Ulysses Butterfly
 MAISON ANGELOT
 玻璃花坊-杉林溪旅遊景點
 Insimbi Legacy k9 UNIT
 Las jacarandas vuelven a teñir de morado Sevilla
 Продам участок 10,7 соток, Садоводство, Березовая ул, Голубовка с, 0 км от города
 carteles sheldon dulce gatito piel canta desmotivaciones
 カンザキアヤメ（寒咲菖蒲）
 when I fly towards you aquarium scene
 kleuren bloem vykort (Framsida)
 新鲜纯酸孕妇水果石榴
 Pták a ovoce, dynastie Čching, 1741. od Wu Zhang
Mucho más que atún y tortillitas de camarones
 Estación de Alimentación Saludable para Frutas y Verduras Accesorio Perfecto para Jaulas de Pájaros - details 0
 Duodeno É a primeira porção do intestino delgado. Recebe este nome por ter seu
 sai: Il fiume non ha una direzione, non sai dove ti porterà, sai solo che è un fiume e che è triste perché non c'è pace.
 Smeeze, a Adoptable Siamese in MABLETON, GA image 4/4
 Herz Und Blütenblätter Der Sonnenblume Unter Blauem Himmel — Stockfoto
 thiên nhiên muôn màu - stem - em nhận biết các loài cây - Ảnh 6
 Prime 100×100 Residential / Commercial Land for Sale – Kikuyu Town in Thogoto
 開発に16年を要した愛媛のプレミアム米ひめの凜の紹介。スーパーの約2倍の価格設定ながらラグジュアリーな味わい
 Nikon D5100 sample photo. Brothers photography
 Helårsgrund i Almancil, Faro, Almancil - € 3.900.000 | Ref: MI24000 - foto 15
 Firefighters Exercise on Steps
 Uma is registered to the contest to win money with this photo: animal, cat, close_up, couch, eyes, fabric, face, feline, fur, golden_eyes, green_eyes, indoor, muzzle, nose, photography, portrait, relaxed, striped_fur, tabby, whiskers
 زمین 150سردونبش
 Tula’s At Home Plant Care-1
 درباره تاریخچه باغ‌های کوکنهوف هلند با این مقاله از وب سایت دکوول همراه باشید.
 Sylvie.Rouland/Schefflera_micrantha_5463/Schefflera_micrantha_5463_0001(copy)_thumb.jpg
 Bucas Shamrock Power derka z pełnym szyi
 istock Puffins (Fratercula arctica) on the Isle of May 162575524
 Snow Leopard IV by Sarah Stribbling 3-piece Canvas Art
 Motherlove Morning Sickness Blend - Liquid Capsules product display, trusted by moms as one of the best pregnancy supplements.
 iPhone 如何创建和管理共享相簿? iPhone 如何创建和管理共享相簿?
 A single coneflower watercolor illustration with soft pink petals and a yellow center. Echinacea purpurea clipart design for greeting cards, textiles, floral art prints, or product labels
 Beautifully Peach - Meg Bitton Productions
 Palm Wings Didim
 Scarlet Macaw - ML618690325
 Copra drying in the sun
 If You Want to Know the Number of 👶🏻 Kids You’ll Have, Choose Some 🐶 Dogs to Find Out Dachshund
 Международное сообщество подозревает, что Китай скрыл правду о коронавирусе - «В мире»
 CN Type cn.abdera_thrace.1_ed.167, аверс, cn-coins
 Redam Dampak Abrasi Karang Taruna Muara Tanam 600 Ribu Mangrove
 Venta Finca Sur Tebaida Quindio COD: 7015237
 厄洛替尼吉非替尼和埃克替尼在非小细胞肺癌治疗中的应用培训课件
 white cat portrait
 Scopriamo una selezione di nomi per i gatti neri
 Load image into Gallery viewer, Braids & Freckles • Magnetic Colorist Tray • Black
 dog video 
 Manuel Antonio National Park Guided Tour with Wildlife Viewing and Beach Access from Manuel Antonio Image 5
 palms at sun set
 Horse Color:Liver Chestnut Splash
= = = =
** Exercise directions **
All the entries are to be set down exactly as they appear.

** Output for this task **
Ulysses Butterfly
 MAISON ANGELOT
 玻璃花坊-杉林溪旅遊景點
 Insimbi Legacy k9 UNIT
 Las jacarandas vuelven a teñir de morado Sevilla
 Продам участок 10,7 соток, Садоводство, Березовая ул, Голубовка с, 0 км от города
 carteles sheldon dulce gatito piel canta desmotivaciones
 カンザキアヤメ（寒咲菖蒲）
 when I fly towards you aquarium scene
 kleuren bloem vykort (Framsida)
 新鲜纯酸孕妇水果石榴
 Pták a ovoce, dynastie Čching, 1741. od Wu Zhang
Mucho más que atún y tortillitas de camarones
 Estación de Alimentación Saludable para Frutas y Verduras Accesorio Perfecto para Jaulas de Pájaros - details 0
 Duodeno É a primeira porção do intestino delgado. Recebe este nome por ter seu
 sai: Il fiume non ha una direzione, non sai dove ti porterà, sai solo che è un fiume e che è triste perché non c'è pace.
 Smeeze, a Adoptable Siamese in MABLETON, GA image 4/4
 Herz Und Blütenblätter Der Sonnenblume Unter Blauem Himmel — Stockfoto
 thiên nhiên muôn màu - stem - em nhận biết các loài cây - Ảnh 6
 Prime 100×100 Residential / Commercial Land for Sale – Kikuyu Town in Thogoto
 開発に16年を要した愛媛のプレミアム米ひめの凜の紹介。スーパーの約2倍の価格設定ながらラグジュアリーな味わい
 Nikon D5100 sample photo. Brothers photography
 Helårsgrund i Almancil, Faro, Almancil - € 3.900.000 | Ref: MI24000 - foto 15
 Firefighters Exercise on Steps
 Uma is registered to the contest to win money with this photo: animal, cat, close_up, couch, eyes, fabric, face, feline, fur, golden_eyes, green_eyes, indoor, muzzle, nose, photography, portrait, relaxed, striped_fur, tabby, whiskers
 زمین 150سردونبش
 Tula’s At Home Plant Care-1
 درباره تاریخچه باغ‌های کوکنهوف هلند با این مقاله از وب سایت دکوول همراه باشید.
 Sylvie.Rouland/Schefflera_micrantha_5463/Schefflera_micrantha_5463_0001(copy)_thumb.jpg
 Bucas Shamrock Power derka z pełnym szyi
 istock Puffins (Fratercula arctica) on the Isle of May 162575524
 Snow Leopard IV by Sarah Stribbling 3-piece Canvas Art
 Motherlove Morning Sickness Blend - Liquid Capsules product display, trusted by moms as one of the best pregnancy supplements.
 iPhone 如何创建和管理共享相簿? iPhone 如何创建和管理共享相簿?
 A single coneflower watercolor illustration with soft pink petals and a yellow center. Echinacea purpurea clipart design for greeting cards, textiles, floral art prints, or product labels
 Beautifully Peach - Meg Bitton Productions
 Palm Wings Didim
 Scarlet Macaw - ML618690325
 Copra drying in the sun
 If You Want to Know the Number of 👶🏻 Kids You’ll Have, Choose Some 🐶 Dogs to Find Out Dachshund
 Международное сообщество подозревает, что Китай скрыл правду о коронавирусе - «В мире»
 CN Type cn.abdera_thrace.1_ed.167, аверс, cn-coins
 Redam Dampak Abrasi Karang Taruna Muara Tanam 600 Ribu Mangrove
 Venta Finca Sur Tebaida Quindio COD: 7015237
 厄洛替尼吉非替尼和埃克替尼在非小细胞肺癌治疗中的应用培训课件
 white cat portrait
 Scopriamo una selezione di nomi per i gatti neri
 Load image into Gallery viewer, Braids & Freckles • Magnetic Colorist Tray • Black
 dog video 
 Manuel Antonio National Park Guided Tour with Wildlife Viewing and Beach Access from Manuel Antonio Image 5
 palms at sun set
 Horse Color:Liver Chestnut Splash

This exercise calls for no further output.